At some point in the next couple years, more web browsing will occur on a handheld device, probably a cell phone of some sort, than on a desktop computer.
That concept is as revolutionary as the adoption of the personal computer in the early 1980s.
Has your company began to think along those lines? If not, you may already be dying on the vine. Because your product needs to be where the customers are, you need to be flexible enough to be in all those places at the same time.
Enter the API, or Application Programming Interface. An API can programmatically expose as little or much data and functionality that your product contains as you want.
For example, some of the most popular APIs at the moment are: Twitter, Facebook, Google Maps, and Flickr. By making these interfaces available, programmers all around the world are able to “mashup” interesting uses for these services. That’s part of the benefit of an API, your company doesn’t necessarily have to develop the actual clients that consume the interface.
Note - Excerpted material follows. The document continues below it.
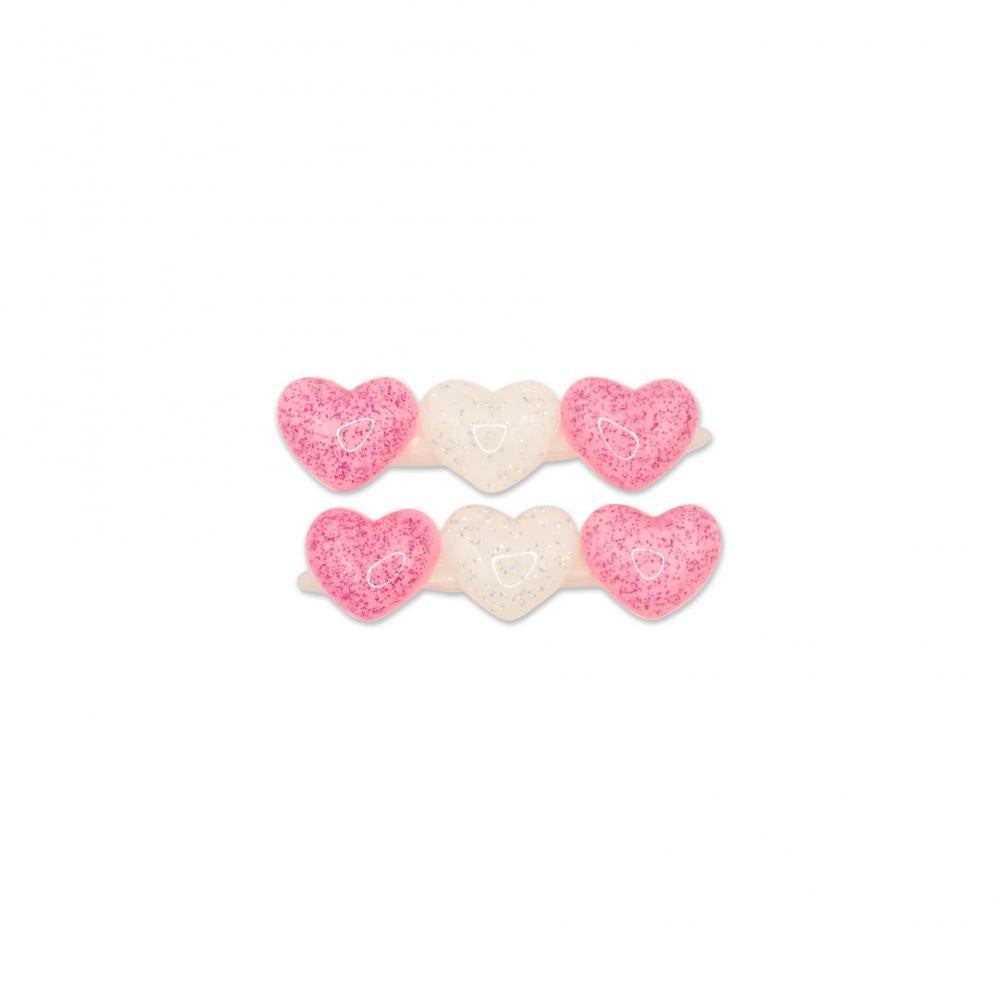 MILK X SODA SPARKLY TRIPLE HEART HAIR CLIP PINK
Now just having an API is good, but for real success, bring in the App Stores. Of course at this point, we know Apple iTunes is the 800-pound gorilla with over 185,000 applications available.
If a smartphone manufacturer wants their device to be prosperous, they’ll definitely need to provide an SDK, or software development kit. This is the glue programmers will use to bind your product’s API to the device in question. The top mobile SDKs, in no particular order are: Apple iPhone, webOS for the Palm Pre & Pixi, and Google Android. Currently in the works is the new Windows Phone platform, which Microsoft is using existing developer skills from Silverlight and XNA to create rich phone applications.
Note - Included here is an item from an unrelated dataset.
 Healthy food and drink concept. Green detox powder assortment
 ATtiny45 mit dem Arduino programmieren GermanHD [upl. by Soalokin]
For your company’s API to be successful you need to do a lot more than just exposing an endpoint. You need to nurture the developer community around your API by allowing programmers to give their feedback on the state of your service as well as provide communications from your developers on the direction of the API. Also by providing lots of quality documentation and examples in various programming languages you can help the community get a running start with your interface.
Now then, if your mobile offering is lacking, remember these 2 key words for your next high-level meeting: APIs and App Stores!